### What to do
Take from the entries below the stretch from the line with "Gancio per Soffitto, Placca" through the line with "Presentation with water", and return it exactly, leaving the pictures out.

### Exercise materials

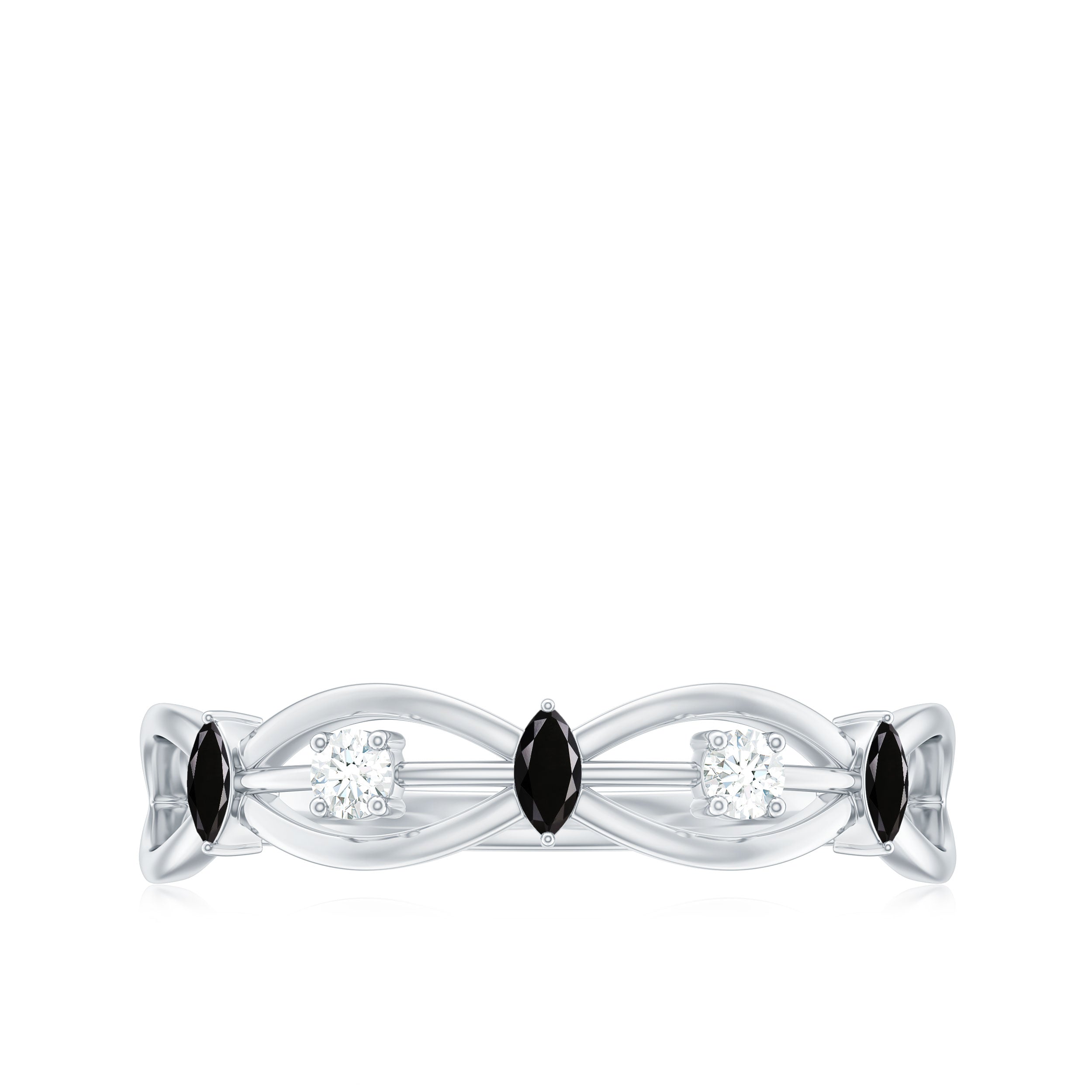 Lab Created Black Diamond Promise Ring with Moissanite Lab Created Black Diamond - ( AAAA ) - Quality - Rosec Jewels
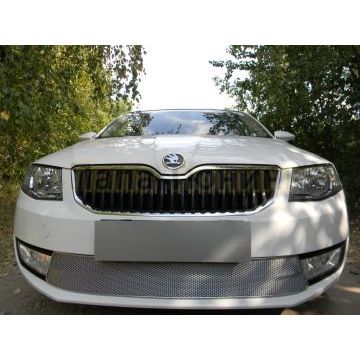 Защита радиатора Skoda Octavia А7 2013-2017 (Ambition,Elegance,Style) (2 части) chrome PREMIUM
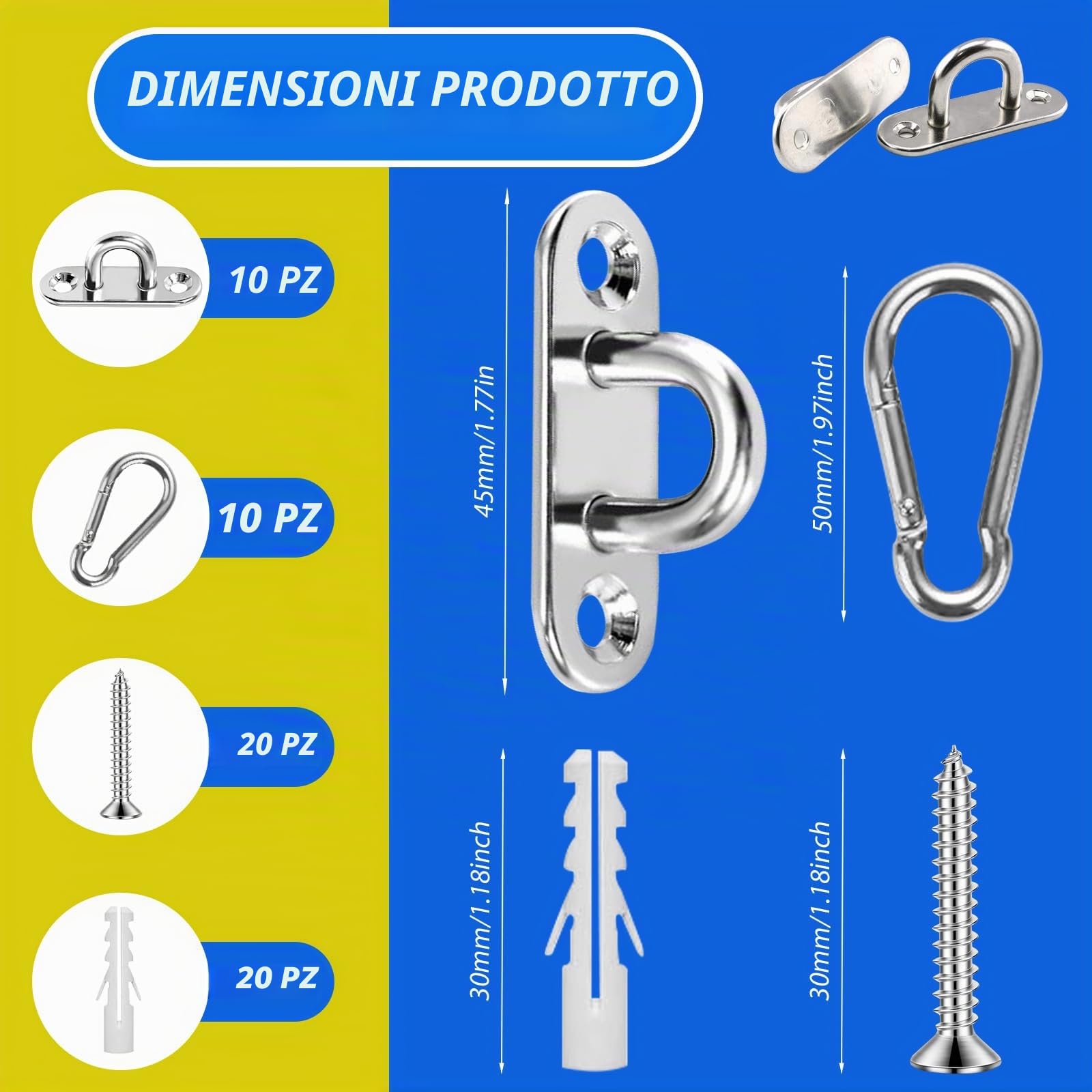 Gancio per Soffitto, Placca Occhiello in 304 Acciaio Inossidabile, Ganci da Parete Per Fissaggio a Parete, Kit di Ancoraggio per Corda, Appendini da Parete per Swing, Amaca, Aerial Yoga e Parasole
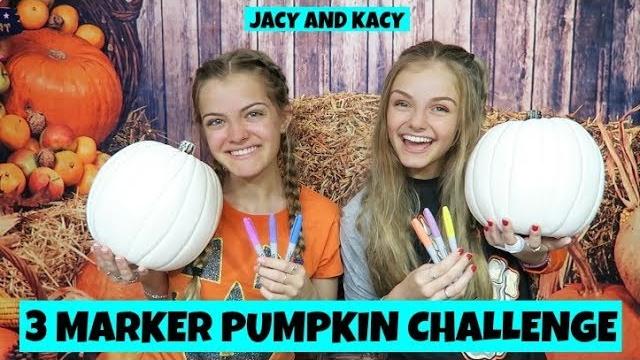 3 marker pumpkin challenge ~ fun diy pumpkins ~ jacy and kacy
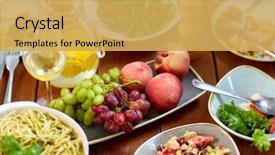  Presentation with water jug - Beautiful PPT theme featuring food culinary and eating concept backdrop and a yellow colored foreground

---

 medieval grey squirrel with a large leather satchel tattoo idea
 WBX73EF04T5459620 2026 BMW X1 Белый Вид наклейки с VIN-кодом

### Solution
 Gancio per Soffitto, Placca Occhiello in 304 Acciaio Inossidabile, Ganci da Parete Per Fissaggio a Parete, Kit di Ancoraggio per Corda, Appendini da Parete per Swing, Amaca, Aerial Yoga e Parasole
 3 marker pumpkin challenge ~ fun diy pumpkins ~ jacy and kacy
  Presentation with water jug - Beautiful PPT theme featuring food culinary and eating concept backdrop and a yellow colored foreground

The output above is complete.